Seresto, the leading flea and tick pet collar sold on Amazon, is sold by Elanco and was developed by Bayer AG, the German pharmaceutical company that has seen its stock plummet since inheriting Monsanto’s Roundup cancer lawsuits. At least Bayer won’t face lawsuits over Seresto, since it sold its Animal Health Division to Elanco last year for $7.5 billion.
Per the Detroit Free Press, according to co-reporting by The Midwest Center for Investigative Reporting and USA Today, approximately one in 300 pets have had adverse reactions to Seresto, including 1,698 death incident reports.
Recently, a Congressional subcommittee on Economic and Consumer Policy asked Elanco to voluntarily recall the flea and tick collars after thousands of injury reports were lodged about the collar.

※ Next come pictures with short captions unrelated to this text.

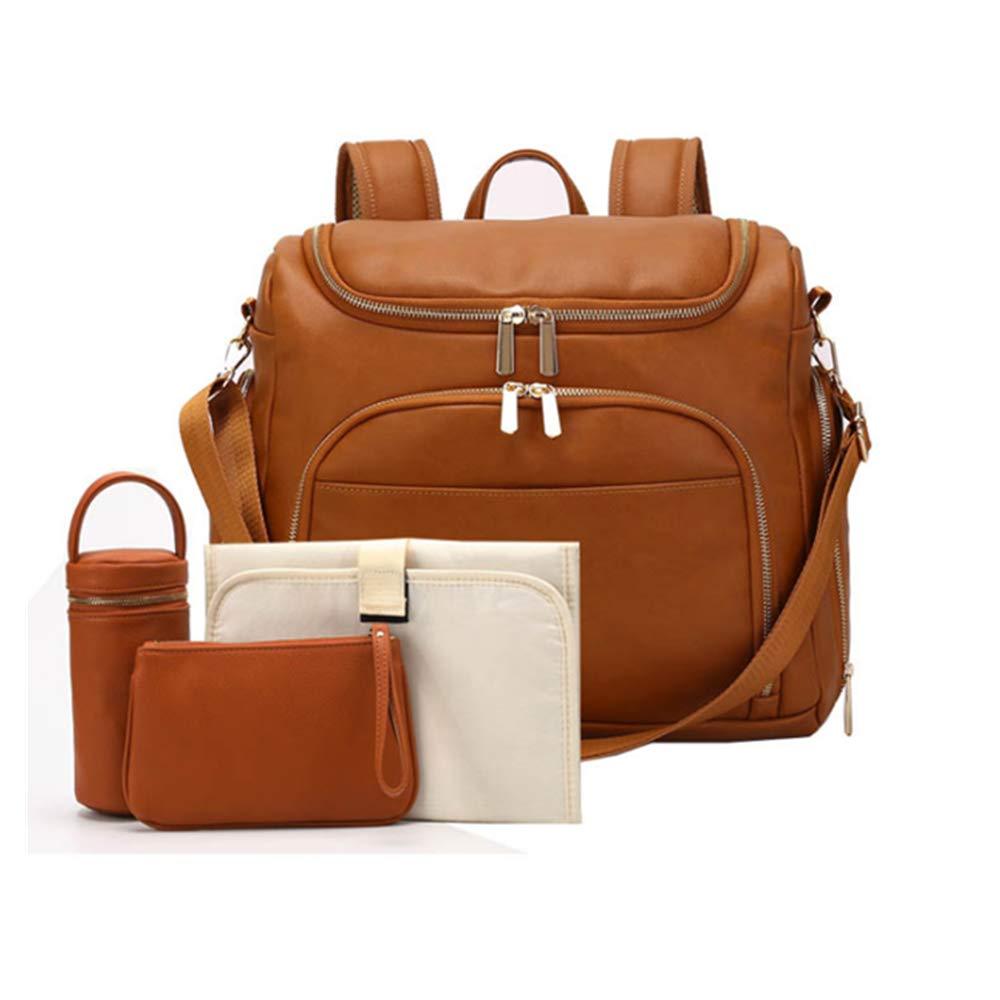 ChicVoyage™ – Sac à Langer en Cuir Véritable – Élégance et Praticité pour les Parents Modernes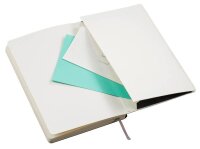 MOLESKINE Notizbuch Classic Collection flexibler Einband ca. DIN A5 blanko, schwarz Softcover 192 Seiten, 1 St.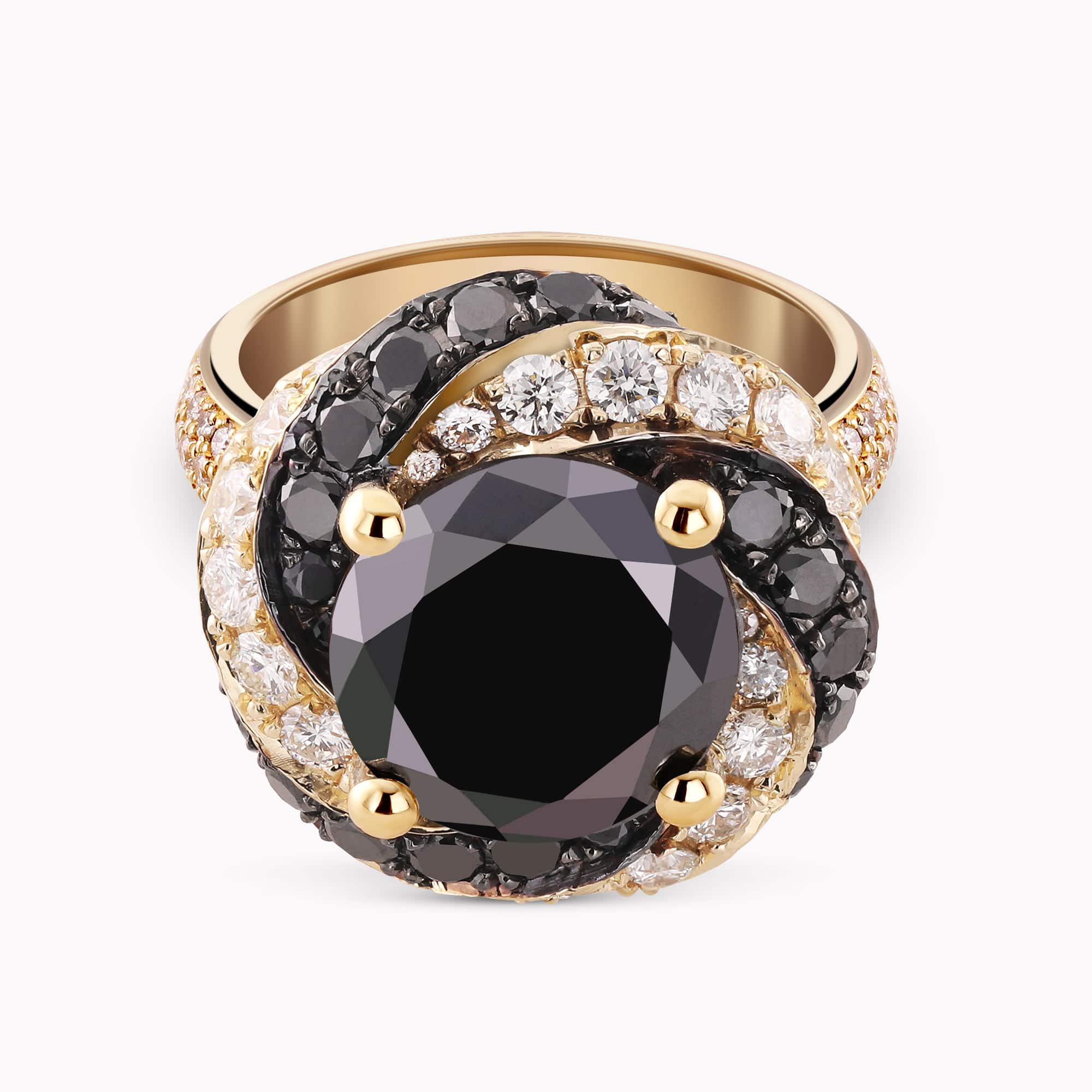 Black and White Diamond Ring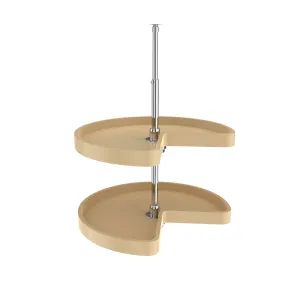 Rev-A-Shelf / 6472-24-15-52 / Polymer Kidney-Shaped 2-Shelf Lazy Susans for Corner Base Cabinets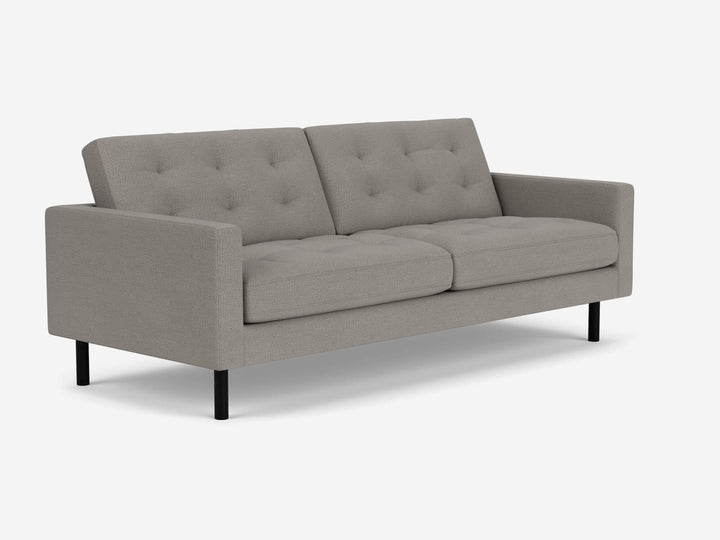 Joan Sofa in Panama Grey Fabric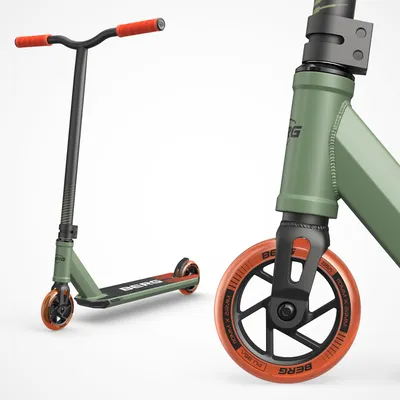 Obrázek produktu pro Koloběžka Berg Proxus X1 Stunt Green - oranžová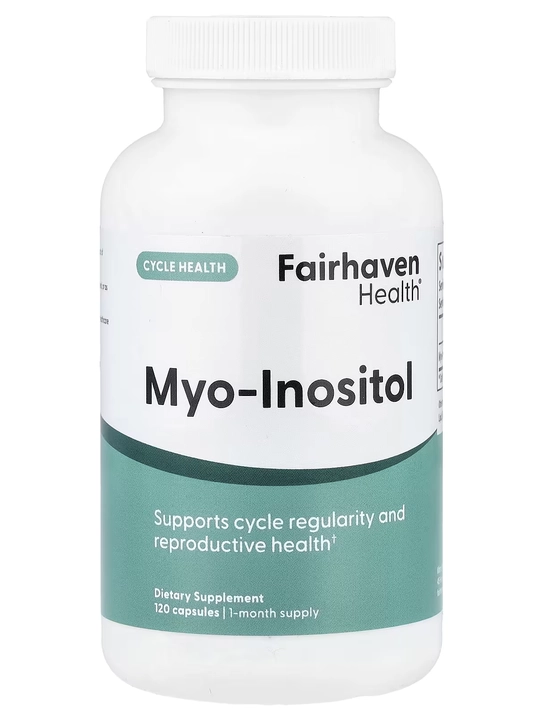 Мио-инозитол, Fairhaven Health, 120 капсул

Last week, and just days after the subcommittee hearing, two pet owners, one who claimed her dog died as a result of the collar and the other who claimed her pet developed cancer because of it, filed a class-action lawsuit against Elanco.
The claim against Elanco alleges that two active pesticides in the collar—imidacloprid and flumethrin—caused harm to both animal and human health. The class action is likely to be the first of dozens filed against Elanco.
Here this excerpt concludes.